# What to produce
Transcribe all the records exactly and omit any images they hold.

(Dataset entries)
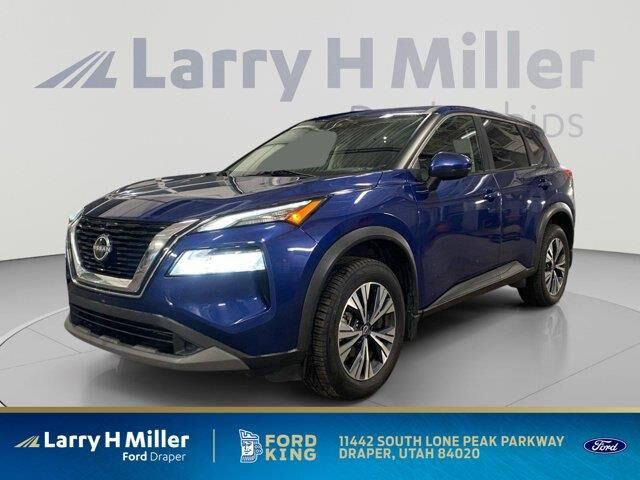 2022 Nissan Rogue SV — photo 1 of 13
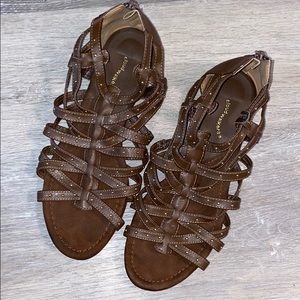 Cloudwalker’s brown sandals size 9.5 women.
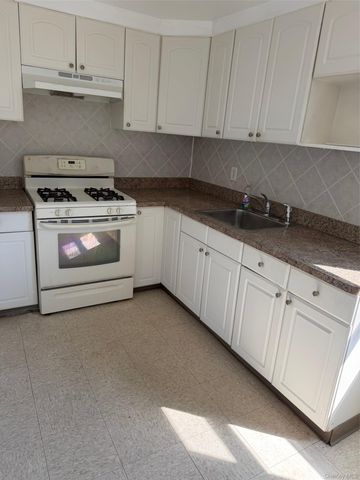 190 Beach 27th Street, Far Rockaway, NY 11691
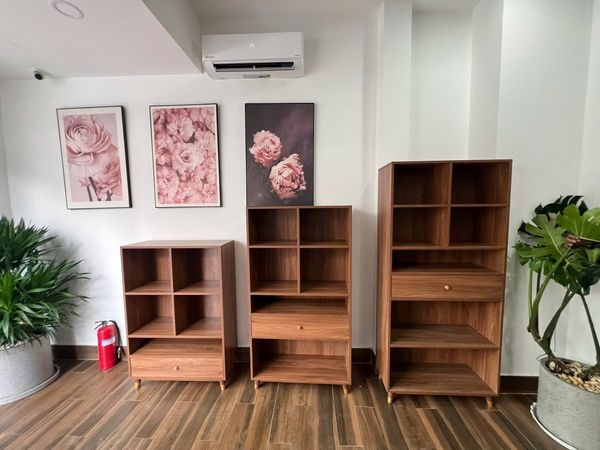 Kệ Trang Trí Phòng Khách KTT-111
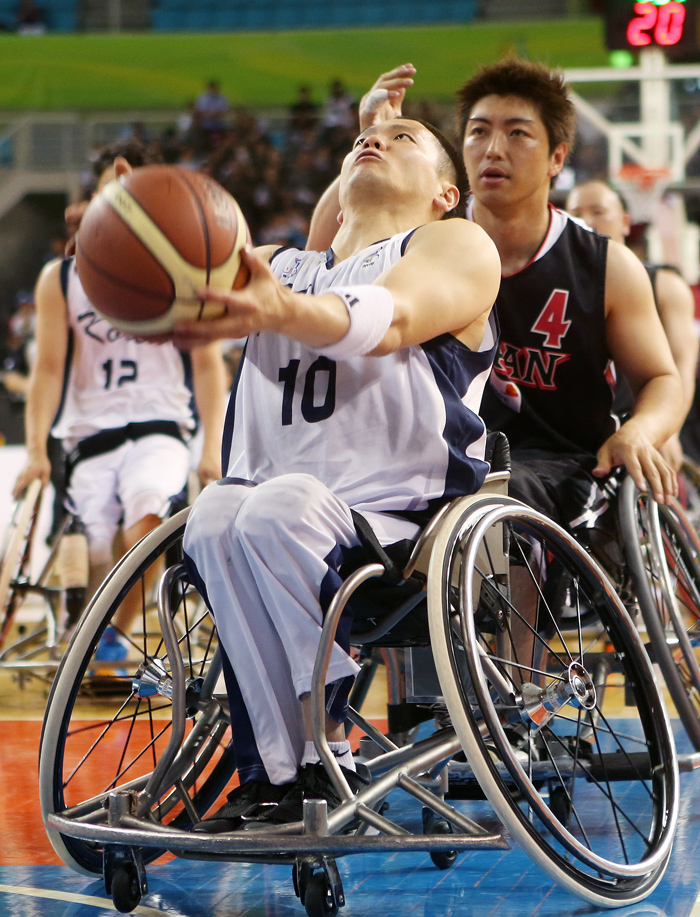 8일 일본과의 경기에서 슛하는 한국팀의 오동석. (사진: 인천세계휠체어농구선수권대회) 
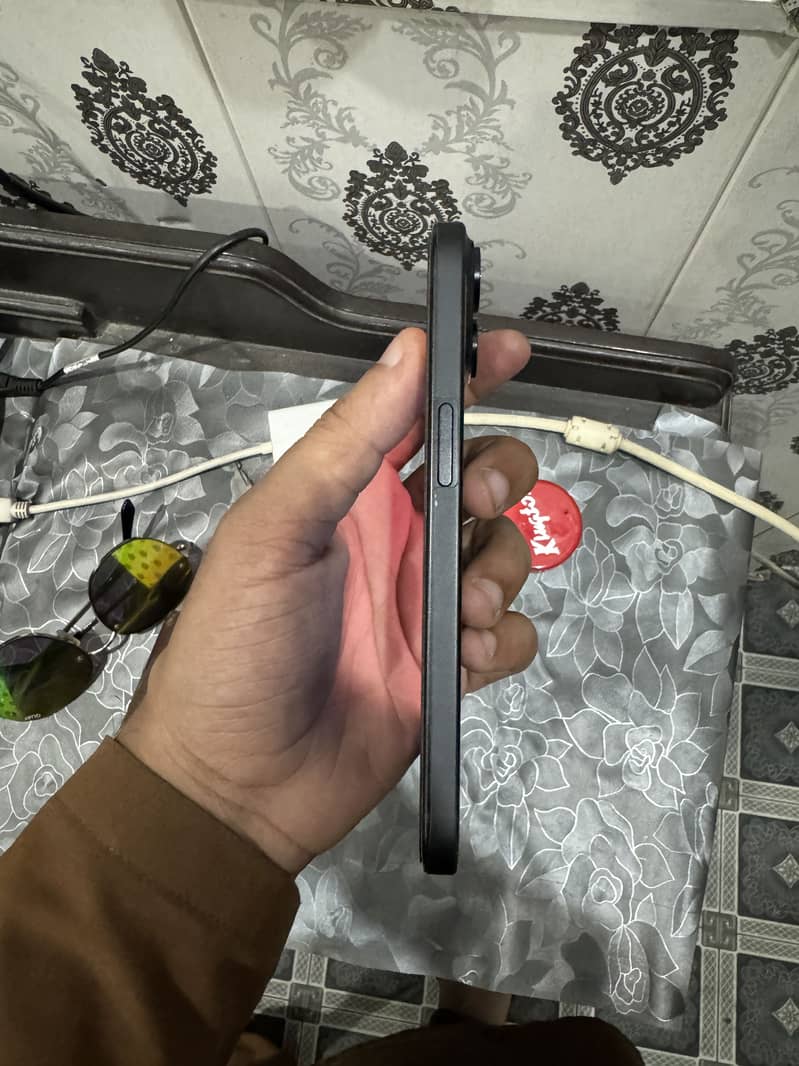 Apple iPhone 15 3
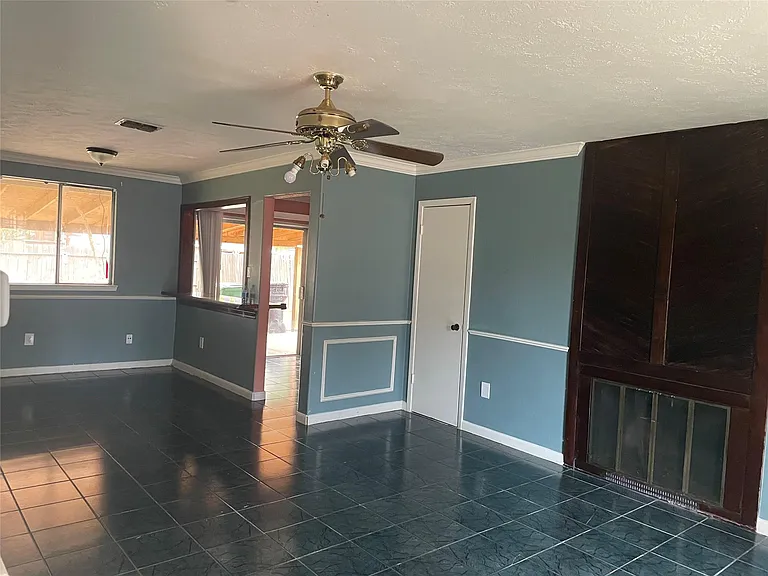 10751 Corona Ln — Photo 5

# Result below
 2022 Nissan Rogue SV — photo 1 of 13
 Cloudwalker’s brown sandals size 9.5 women.
 190 Beach 27th Street, Far Rockaway, NY 11691
 Kệ Trang Trí Phòng Khách KTT-111
 8일 일본과의 경기에서 슛하는 한국팀의 오동석. (사진: 인천세계휠체어농구선수권대회) 
 Apple iPhone 15 3
 10751 Corona Ln — Photo 5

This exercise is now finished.